Çarlık Rusya'nın ağır bürokratik yapısı içinde ezilmiş ve devlet dairesinde mektupları temize çeken katip Akakiy Akakiyeviç’in hikayesi, Palto. Rus insanını aşağıladığı gerekçesi ile Rus ileri gelenlerinin eleştirilerine maruz kalan bu eser aslında Rus toplumunda rütbeli ve “önemli kişi”lerin devlet dairelerindeki kırıcı hiyerarşik çalışma düzenini göz önüne sermiş, ezilen ve yok sayılan memur Akakiy Akakiyeviç’in, onu “mühim kişi” yapacak paltosunu ve sembolik ölümünü işlemiştir. Eserde Palto; sadece bir giysi değil, Akaki’nin var olmak için tutunduğu son umuttur.
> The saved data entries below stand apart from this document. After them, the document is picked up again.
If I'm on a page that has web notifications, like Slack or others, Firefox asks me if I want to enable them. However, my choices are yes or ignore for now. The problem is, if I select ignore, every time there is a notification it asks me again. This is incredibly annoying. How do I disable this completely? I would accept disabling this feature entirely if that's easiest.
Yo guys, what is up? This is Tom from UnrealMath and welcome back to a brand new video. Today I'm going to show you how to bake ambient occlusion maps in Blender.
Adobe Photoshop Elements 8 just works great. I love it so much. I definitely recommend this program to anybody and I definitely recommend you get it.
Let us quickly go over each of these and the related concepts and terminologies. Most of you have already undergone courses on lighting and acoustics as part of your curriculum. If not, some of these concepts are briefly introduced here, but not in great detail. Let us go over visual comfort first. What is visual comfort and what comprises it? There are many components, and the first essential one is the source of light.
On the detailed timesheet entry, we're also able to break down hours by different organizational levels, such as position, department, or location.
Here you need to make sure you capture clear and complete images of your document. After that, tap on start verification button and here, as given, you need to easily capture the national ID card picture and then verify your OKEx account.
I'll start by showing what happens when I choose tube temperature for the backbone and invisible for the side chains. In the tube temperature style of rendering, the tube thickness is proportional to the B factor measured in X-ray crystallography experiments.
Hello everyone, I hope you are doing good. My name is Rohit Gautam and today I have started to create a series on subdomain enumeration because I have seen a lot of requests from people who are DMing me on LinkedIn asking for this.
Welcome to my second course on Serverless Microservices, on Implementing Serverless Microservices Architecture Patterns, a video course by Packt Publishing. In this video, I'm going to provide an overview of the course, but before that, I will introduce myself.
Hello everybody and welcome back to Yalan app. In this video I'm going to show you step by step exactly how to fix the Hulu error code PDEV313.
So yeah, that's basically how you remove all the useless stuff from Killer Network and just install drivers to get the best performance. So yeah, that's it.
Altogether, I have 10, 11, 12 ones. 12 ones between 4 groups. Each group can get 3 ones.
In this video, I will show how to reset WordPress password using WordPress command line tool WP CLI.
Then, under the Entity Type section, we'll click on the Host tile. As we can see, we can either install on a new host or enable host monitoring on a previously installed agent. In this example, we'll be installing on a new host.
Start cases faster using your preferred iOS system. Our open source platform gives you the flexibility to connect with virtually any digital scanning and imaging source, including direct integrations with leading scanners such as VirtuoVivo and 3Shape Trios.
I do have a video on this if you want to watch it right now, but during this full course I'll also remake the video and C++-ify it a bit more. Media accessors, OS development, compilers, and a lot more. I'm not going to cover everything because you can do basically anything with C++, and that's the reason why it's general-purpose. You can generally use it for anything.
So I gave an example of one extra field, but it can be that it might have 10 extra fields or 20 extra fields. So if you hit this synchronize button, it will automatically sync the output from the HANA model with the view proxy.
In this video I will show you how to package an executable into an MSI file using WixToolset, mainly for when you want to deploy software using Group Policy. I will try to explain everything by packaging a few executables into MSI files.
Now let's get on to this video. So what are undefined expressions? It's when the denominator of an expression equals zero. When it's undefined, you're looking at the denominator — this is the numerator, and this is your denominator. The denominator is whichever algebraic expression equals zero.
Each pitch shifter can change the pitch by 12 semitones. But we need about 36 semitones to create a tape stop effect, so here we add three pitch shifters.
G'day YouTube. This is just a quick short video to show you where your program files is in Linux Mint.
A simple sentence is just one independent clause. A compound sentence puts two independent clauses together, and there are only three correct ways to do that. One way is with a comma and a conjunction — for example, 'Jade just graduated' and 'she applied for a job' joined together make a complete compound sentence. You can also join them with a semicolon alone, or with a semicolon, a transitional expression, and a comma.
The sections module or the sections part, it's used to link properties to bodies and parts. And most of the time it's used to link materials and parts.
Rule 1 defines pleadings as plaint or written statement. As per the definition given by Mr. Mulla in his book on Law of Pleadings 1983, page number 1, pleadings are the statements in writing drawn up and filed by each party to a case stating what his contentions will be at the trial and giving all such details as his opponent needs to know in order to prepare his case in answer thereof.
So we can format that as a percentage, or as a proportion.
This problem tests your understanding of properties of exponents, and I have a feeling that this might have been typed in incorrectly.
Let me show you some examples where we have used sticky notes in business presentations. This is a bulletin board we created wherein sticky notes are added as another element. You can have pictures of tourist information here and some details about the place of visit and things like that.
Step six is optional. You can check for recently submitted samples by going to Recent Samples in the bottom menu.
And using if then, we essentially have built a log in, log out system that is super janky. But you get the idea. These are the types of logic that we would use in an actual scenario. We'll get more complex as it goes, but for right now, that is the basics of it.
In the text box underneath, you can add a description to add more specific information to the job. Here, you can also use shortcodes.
Biz bu öyküde, sadece Akaki’yi değil, kendi içimizdeki “görülmek istenen” tarafı da buluruz.
Edebi eserlerde Gogol’un Palto’suna kadar sadece üstün insan anlatılmaya değer görülürken bu kez ezilen, silik ya da sıradan bir karakter edebiyatın öncelikli bir figürü haline gelmiş ve Gogol bu eser ile bir anlamda öykü türünde de yön değiştirmiştir. Gogolun paltosundan sadece Rus yazarlar değil dünya çapında bir çok yazar derinden etkilenmiş çünkü Gogol’un Akaki Akakiyeviç’i zamanla öykü türünde öncü olup herkesi paltosunun içine almıştır. -Hatta bu değerli paltoyu ilk keşfeden de modern Rus edebiyatının kurucusu A.Puşkin’dir.-
Bu sebeple “Hepimiz Gogol’un paltosundan çıktık.” ifadesi yani Dostoyevski’nin “Hepimiz bir şekilde o paltodan çıktık; çünkü edebiyat insanı ilk kez orada tüm çıplaklığıyla gördü.” sözü ile özellikle Rus edebiyatına yön verdiğini, birçok yazarı etkilediğinin göstergesidir.